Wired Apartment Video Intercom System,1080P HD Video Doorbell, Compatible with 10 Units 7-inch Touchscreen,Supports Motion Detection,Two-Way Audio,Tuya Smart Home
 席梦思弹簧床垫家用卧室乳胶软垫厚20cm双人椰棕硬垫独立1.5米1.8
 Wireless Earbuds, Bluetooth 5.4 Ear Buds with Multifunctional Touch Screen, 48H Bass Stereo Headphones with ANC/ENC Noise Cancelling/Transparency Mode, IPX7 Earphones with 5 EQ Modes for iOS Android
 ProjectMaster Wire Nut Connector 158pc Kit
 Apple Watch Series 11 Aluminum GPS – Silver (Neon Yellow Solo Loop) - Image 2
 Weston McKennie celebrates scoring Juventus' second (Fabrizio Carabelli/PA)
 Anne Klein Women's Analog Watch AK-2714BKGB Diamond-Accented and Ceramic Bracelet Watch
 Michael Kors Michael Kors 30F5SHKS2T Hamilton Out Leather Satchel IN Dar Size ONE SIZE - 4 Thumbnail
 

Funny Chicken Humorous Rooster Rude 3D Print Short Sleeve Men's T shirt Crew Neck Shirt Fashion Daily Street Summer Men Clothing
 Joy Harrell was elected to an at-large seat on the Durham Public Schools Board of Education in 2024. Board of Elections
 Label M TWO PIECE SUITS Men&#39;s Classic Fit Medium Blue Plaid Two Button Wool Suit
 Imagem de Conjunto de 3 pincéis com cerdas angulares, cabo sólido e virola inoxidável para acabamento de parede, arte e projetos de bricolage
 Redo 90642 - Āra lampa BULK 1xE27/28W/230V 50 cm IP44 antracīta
################
Report each line of the material above where the word "with" appears.

Wired Apartment Video Intercom System,1080P HD Video Doorbell, Compatible with 10 Units 7-inch Touchscreen,Supports Motion Detection,Two-Way Audio,Tuya Smart Home
 Wireless Earbuds, Bluetooth 5.4 Ear Buds with Multifunctional Touch Screen, 48H Bass Stereo Headphones with ANC/ENC Noise Cancelling/Transparency Mode, IPX7 Earphones with 5 EQ Modes for iOS Android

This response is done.